If you have a housing development right around the corner, you may not be able to place a course there as it is. I think it has something to do with how the land you have is zoned.

atxdiscgolfer
Nov 02 2004, 01:33 PM
I am about to put in a private 9 hole course with two different layouts which makes for 18 holes sitting on about 18 acres, I have about 37 acres in east texas also but most of it is pasture land and very open. Go to the course directory and check out Lambos on the Hill in Leander TX. That course has nine baskets with a couple of different layouts in the owners front yard, real fun course to play.

Nov 02 2004, 06:39 PM
Short answer is 'no.'



Thanks thats all I needed ;)

but I will further explore my possiblities

Nov 02 2004, 11:55 PM
Short answer is 'no.' About 25 acres is needed in most cases to get any length for 18



But Chuck, the official PDGA Course Development document states:
"A Community Full Service course requires up to one acre per hole. However, a Recreational Standard course can sometimes fit 2-3 holes per acre depending on terrain."

ck34
Nov 03 2004, 12:55 AM
He specifically asked about space needed for a LONG 18 course.

Nov 03 2004, 03:12 PM
Well knowing now that a long course is somewhat out of the question, would it be theseable to have a couse with at least 3 or 4 400+ holes on it? I received an email stating that a 4000ft course in Maine was done using 10 acres, and using the couse directory I found a local course with quite a few 400+ shots with a length of just over 4000 ft.

ck34
Nov 03 2004, 03:17 PM
I posted this on another thread about a month ago. This should help.

http://hometown.aol.com/ck34/images/acreage%20guide%20web.jpg

Nov 03 2004, 05:52 PM
Thanks all for the information, I will try and head out there this weekend and scope things out. This will take far more time and money than I will have for a few years so I doubt anything will come of it soon, but thanks anyhow!

Nov 18 2004, 11:49 PM
I think Calvert in Maryland is on 10 acres or even slightly less. Besides the fact that it is completely flat, it is a great course. I get to throw more long distance BH drives from the blue tees at Calvert than I do at a championship sized course such as Seneca (MD). If you are talking about building a home course that will never be used for full-field tournaments (which means criss-crossing fairways aren't a problem), then I think 10 acres is enough room to build a really fun course. The best idea, if you are really set on having many long holes, would be to build a 9-hole course with alternate tee pads. Have fun if you get the chance!

slo
Nov 19 2004, 12:58 AM
An area 660 feet square is precisely 10 acres, if that helps...

gnduke
Sep 11 2005, 01:30 AM
Hey sandalman, this thread should help.

idahojon
Sep 11 2005, 02:01 AM
Not to induce thread drift, but it's good to see you back, Jim! :)

keithjohnson
Sep 11 2005, 02:27 AM
Not to induce thread drift, but it's good to see you back, Jim! :)

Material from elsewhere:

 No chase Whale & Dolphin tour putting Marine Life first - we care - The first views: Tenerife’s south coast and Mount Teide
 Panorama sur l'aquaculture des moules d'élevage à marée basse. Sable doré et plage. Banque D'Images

seeing that his post was 10 months ago i wouldn't really call that back :eek:

but see if you can get him to send his results in from june when he posts again in 2006 :p

Sep 11 2005, 07:21 AM
theasable?

Sep 11 2005, 07:28 AM
An area 660 feet square is precisely 10 acres, if that helps...



That weird. 660 acres is a square mile and 660 feet X 660 feet is an acre.

What did the old British mathematicians love so much about 660?

Moderator005
Sep 11 2005, 09:45 AM
I think Calvert in Maryland is on 10 acres or even slightly less. Besides the fact that it is completely flat, it is a great course. I get to throw more long distance BH drives from the blue tees at Calvert than I do at a championship sized course such as Seneca (MD). If you are talking about building a home course that will never be used for full-field tournaments (which means criss-crossing fairways aren't a problem), then I think 10 acres is enough room to build a really fun course. The best idea, if you are really set on having many long holes, would be to build a 9-hole course with alternate tee pads. Have fun if you get the chance!



I think that a long 18-hole course can be put on 10 acres with a satisfactory design, but don't use Calvert as an example. With the advent of disc technology, the course has tried to adapt by adding longer tees. However, while there's no crossing fairways, I cannot think of a single course that has more mandatories and encroachment onto the fairways of other holes, especially from errant shots. I believe that they should never have tried to make it into another Seneca/Pataspsco, and it's one course that should have been left to its 1980s design.

ck34
Sep 11 2005, 11:52 AM
640 acres is a square mile (not 660) and 660x660 square feet is 10 acres (not one acre) and 666 is a devilishly long hole...

sandalman
Sep 11 2005, 05:07 PM
thanks for the refresh gary.

bruce_brakel
Sep 11 2005, 09:25 PM
My mother has been approached by someone who wants to buy a 10 acre track of land that she inherited. She is seriously thinking about seling it, but asked me and my brother if we ever saw ourselves wanting to use it for somthing. It used to be pretty much in the middle of nowhere (farm field) , but the white flight has hit the area hard and along with the trac housing with dumb names like "pheasant springs" land is going fast. Long story short what would be the theasiblity of putting a good LONG 18 holer in 10 acres? Can it be done?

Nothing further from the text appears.